Mounting VMWare VMDK Disk Without VMWare (Friday, September 7, 2007)

So I decided to upgrade my computer from the old and no longer supported Ubuntu 5.10 (Breezy Badger) to Ubuntu 7.04 (Feisty Fawn), and among the issues this caused, I found myself completely unable to use my old installation of VMWare. VMWare has always been rather cumbersome, and I'm looking for alternatives. The real trick is saving all the data that was stored in my virtual machines.

In looking for a way to rescue my data, I found many references to vmware-mount.pl, a utility provided by VMWare that requires you to have a working, licensed copy of VMWare. Of course, if you have that, you don't need the utility.

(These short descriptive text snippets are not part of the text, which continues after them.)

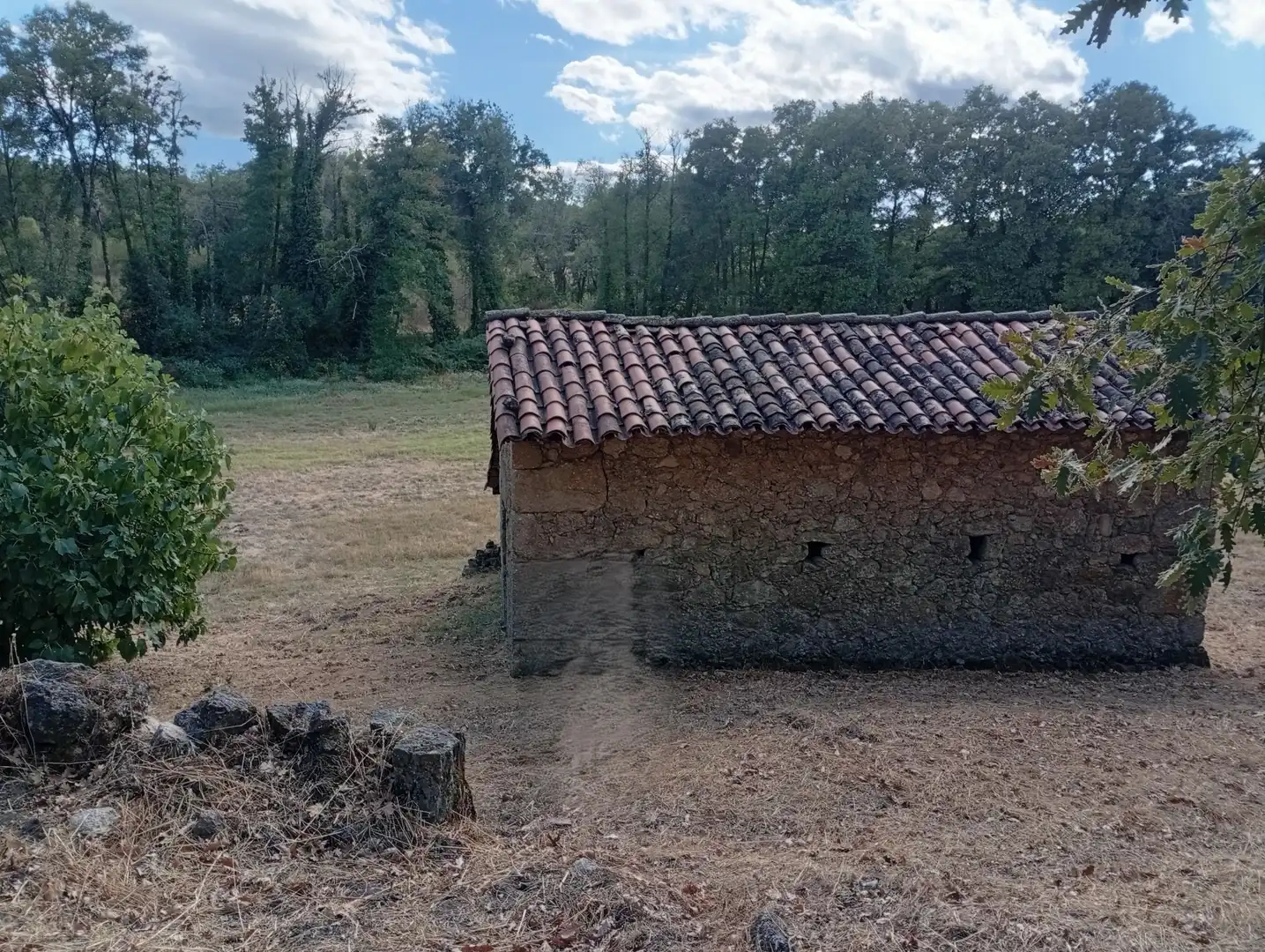 Terreni e lotti in vendita a Villanueva de la Vera, imagen 47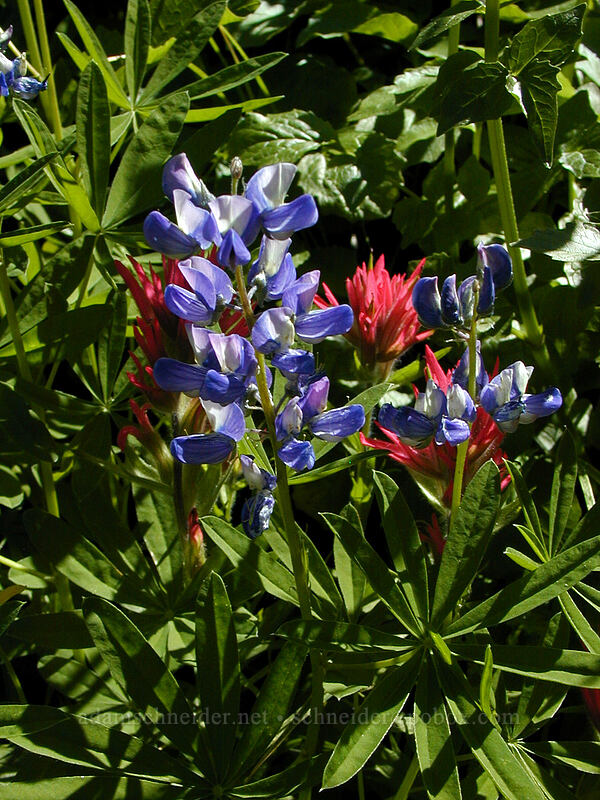 lupine & paintbrush (Lupinus latifolius, Castilleja parviflora var. oreopola) [West fork of Ladd Creek, Mt. Hood Wilderness, Hood River County, Oregon]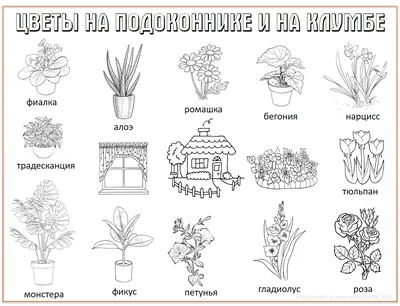 Дидактическое пособие Коллаж «Комнатные растения» (1 фото). Воспитателям  детских садов, школьным учителям и педагогам - Маам.ру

It turns out, that a VMDK file is actually just a raw disk image (much like /dev/hda, for example. You can't mount it directly, because it's a disk image, not a partition image. So what you need to do is figure out the offset of the partitions within the disk image.

Following the instructions of Jason Boxman, I used "fdisk -l -u -C 592 image.vmdk" to find the partition table, which showed (in my case) that sectors were 512 bytes, and that the first (and only) partition on the disk has an offset of 63 sectors, or 32,256 bytes.

Using that information, we can mount the partition with "mount -o loop,offset=32256 -t ntfs image.vmdk /mnt".

I don't think it's a good idea to try to use the image like this if you're planning on also using it in VMWare. If you want to be safe, then make sure to mount the image with the read-only option (ro).